Well it seemed there was a mile-and-a-half-long freight stopped on the tracks, so they had switched us to another track close to a big hill. Part of that hill, including a big tree, had slid down and hit our train. We stopped, and the conductors walked the train. The mud was about ten inches deep. Sure enough, there was mud and a tree piled up against our poor train.

We opened our doors and looked out. Not only was there collapsed hillside and a tree piled against us, there was a lot of steep hill looming over us and fixing to slide down.

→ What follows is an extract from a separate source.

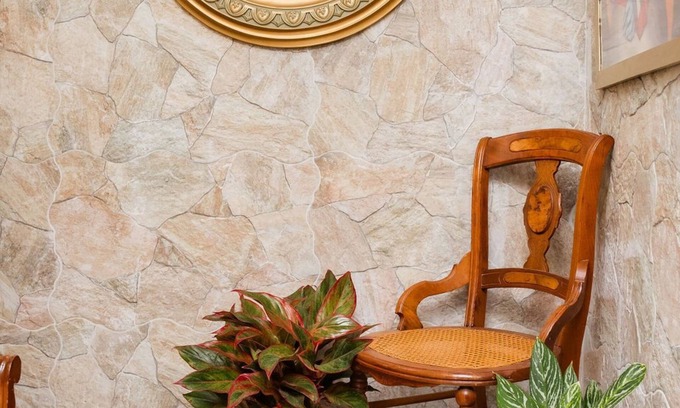 Petworth Apartment | Feel the energy of your origins in this artistic DC hideaway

"You know," said Lela, "That hill has a cemetery at the top. The hillside keeps sliding. One of these days it'll get to the graves and then we'll have coffins coming down on us."

"Great," I replied. "All I need is for somebody's grandpa to come tobogganing down on us right now."

The train behind us, also very late, caught up to us, and the passengers were awakened and moved to that train, which went ahead and left us behind. It was only me, Lela, and the Dogcatchers left.

Eventually, a track crew with a front-loader/back hoe came and dug us out. We were free. The train started slowly, then went more quickly. We went without further mishap right back to the Oakland yard, where we unloaded and signed out. It was 3:45 AM.

Lela the Train Goddess was planning to go back to Sacramento, but she ended up sacked out on my sofa in Berkeley. I had gotten an extra twelve hours of paid work, and an adventure I won't soon forget.

I make my first "Fun Train" run starting tomorrow, Friday the 7th. The destination is Reno.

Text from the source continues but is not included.